Parte da resposta está na chamada “fadiga dos super-heróis”, um fenômeno que afeta tanto o público quanto a crítica, levando a um menor entusiasmo por produções do gênero. No entanto, outro fator importante é o tom adotado pela Fase 5 do MCU. Iniciada com Homem-Formiga e a Vespa: Quantumania (2023), a fase recebeu duras críticas, especialmente por seu excesso de humor e a falta de uma direção clara para o futuro do universo compartilhado. Essa abordagem tornou muitas histórias menos impactantes e reduziu a sensação de urgência que antes mantinha os espectadores engajados.
Diante desse cenário, a Marvel enfrenta o desafio de reconquistar seu público e restaurar a grandiosidade de sua narrativa. Se a fórmula do passado não está mais funcionando, talvez seja hora de um novo rumo, seja investindo em histórias mais ousadas e bem elaboradas ou redefinindo o tom de suas produções. O futuro do MCU ainda é incerto, mas uma coisa é clara: a era dourada que começou com Homem de Ferro precisa de um novo impulso para continuar relevante no cinema moderno.
Kamala age impulsivamente e desfaz a formação das Marvels
Um dos grandes destaques de As Marvels (2023) é a interpretação carismática de Iman Vellani como Kamala Khan, a Ms. Marvel.

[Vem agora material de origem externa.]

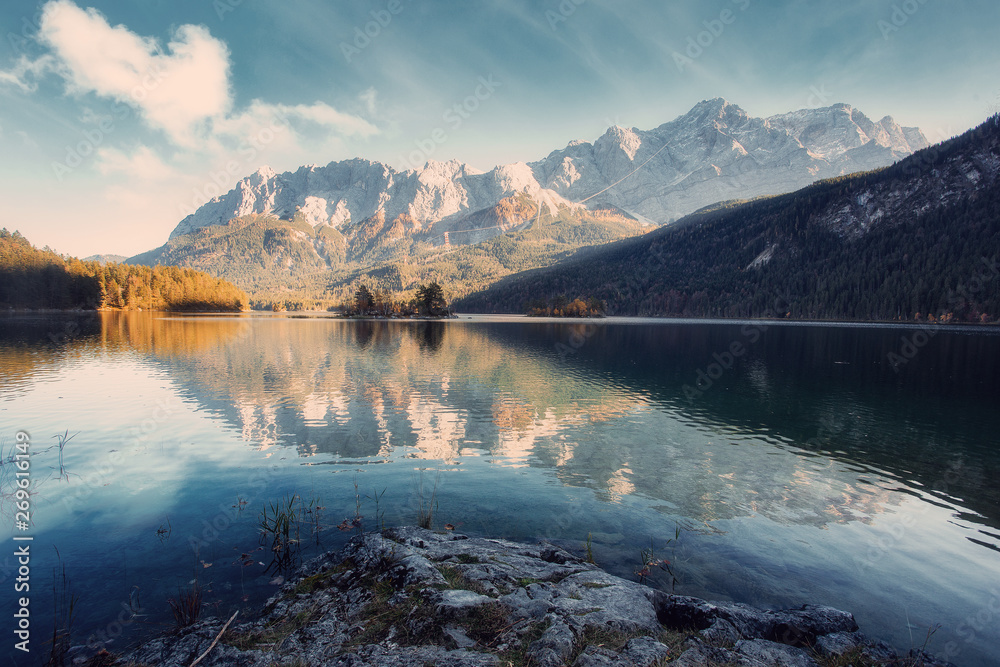 Aufkleber Impressive Autumn landscape The Eibsee Lake in front of the Zugspitze under sunlight. Amazing sunny day on the mountain lake. concept of an ideal resting place. Eibsee lake in Bavaria, Germany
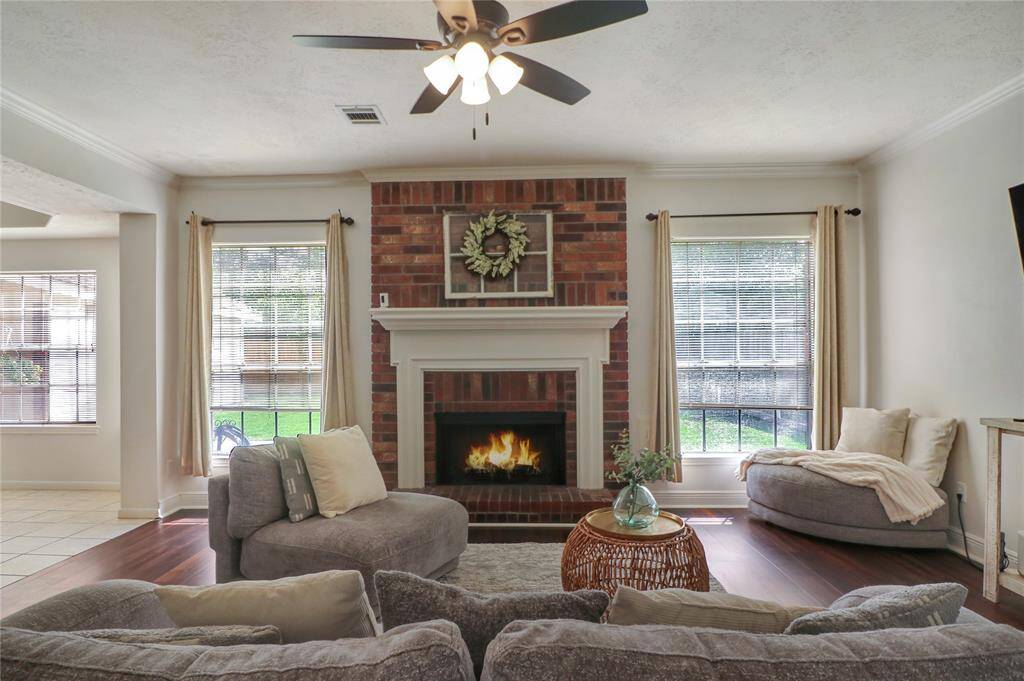 Spacious Family room. With views of the back yard and easy access to the breakfast and kitchen area.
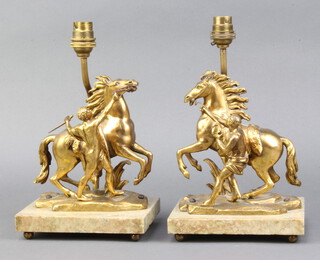 After Coustou, a pair of gilt bronze figures of Marli horses, converted to electric table lamps, raised on marble bases 27cm h x 16cm w x 12cm d 
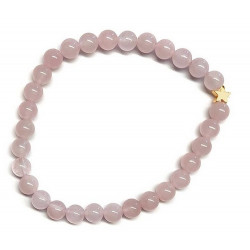 Pulsera de Cuarzo Rosa (bolas de 6mm) con símbolo de estrella dorada.

En goma elástica.

Tarjeta exclusiva en 3 idiomas.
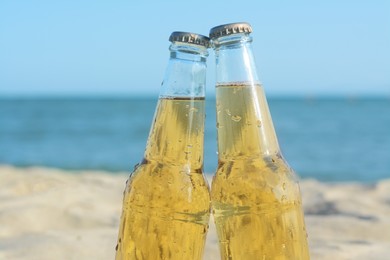 Bottles of cold beer on beach near sea, closeup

No entanto, o filme comete um erro grave ao desenvolver um ponto-chave da trama envolvendo sua personagem.
A história acompanha três heroínas com habilidades baseadas em energia: Carol Danvers, a Capitã Marvel (Brie Larson); Monica Rambeau, também conhecida como Photon (Teyonah Parris); e a já mencionada Ms. Marvel. Em determinado momento, o trio chega ao planeta Aladna, um mundo marcado por música e dança, para impedir que a vilã execute seu plano de drenar os oceanos do planeta.

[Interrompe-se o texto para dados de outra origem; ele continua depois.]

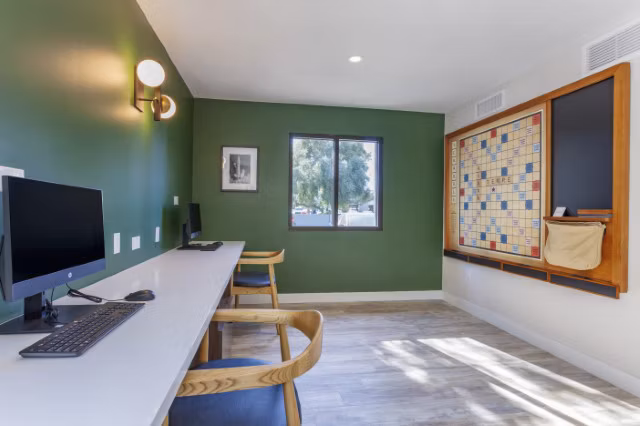 Modern business center with workstations and conference table at Avana Tempe Apartments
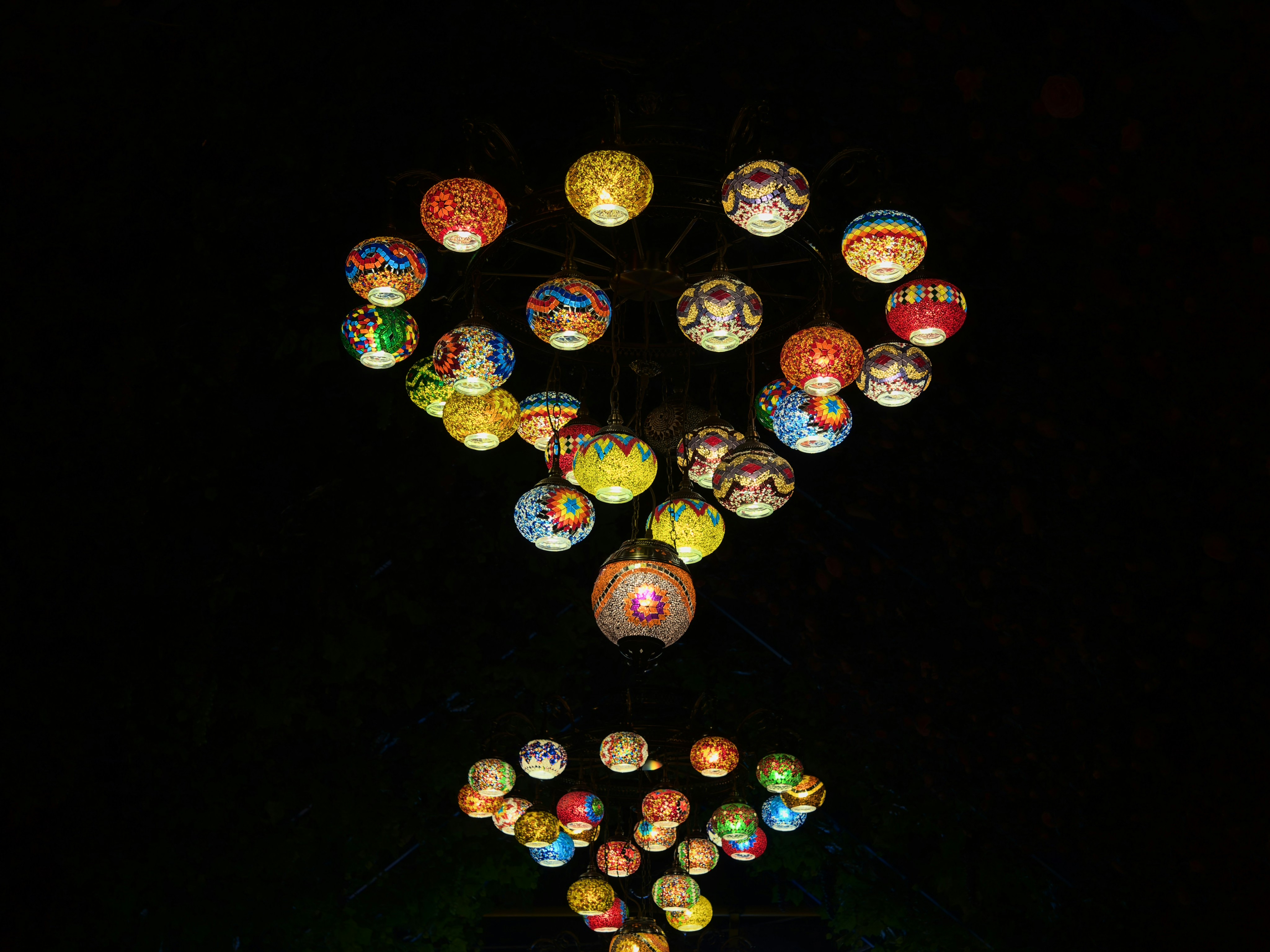 A group of colorful balls floating in the air photo – Free Lamp Image ...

Desde o início, Carol ensina a Kamala que ser uma heroína exige tomar decisões difíceis. Embora extremamente poderosa, a Capitã Marvel não pode salvar a todos, um dilema agravado pela vasta escala de sua responsabilidade, que se estende por todo o universo. No entanto, quando a batalha em Aladna se intensifica, Kamala age impulsivamente e desfaz a formação das Marvels para “provar” a Carol que também pode tomar decisões moralmente difíceis. O problema? Sua escolha permite que a vilã tenha sucesso na destruição do planeta.
Essa decisão não apenas contradiz completamente o caráter de Kamala, mas também representa um dos piores exemplos de assassinato de personagem no MCU — possivelmente pior do que quando os quadrinhos literalmente mataram a Ms. Marvel. As Marvels está na Disney+.
Qual é a jurisdição de Sam como Capitão América?
O Universo Cinematográfico Marvel (MCU) tem uma visão ambígua sobre a moralidade do vigilantismo. Por um lado, seus heróis enfrentam a injustiça, especialmente quando o sistema de justiça falha ou se revela corrupto. Por outro, algumas das melhores histórias de super-heróis exploram justamente os perigos do vigilantismo. Para equilibrar essa contradição, a franquia frequentemente insere seus heróis dentro do próprio sistema, como ocorre com várias encarnações do Capitão América — embora nem sempre de forma consistente.
Nos quadrinhos, por exemplo, o escândalo Watergate abalou Steve Rogers a ponto de fazê-lo abandonar a identidade de Capitão América e se tornar o Nomad. No MCU, quando Sam Wilson assume o escudo, os Vingadores já estão dissolvidos, e ele não trabalha oficialmente para o governo. Isso torna ainda mais intrigante a abertura de Capitão América: Admirável Mundo Novo, que mostra Sam com um quartel-general próprio e acesso a tecnologia de ponta.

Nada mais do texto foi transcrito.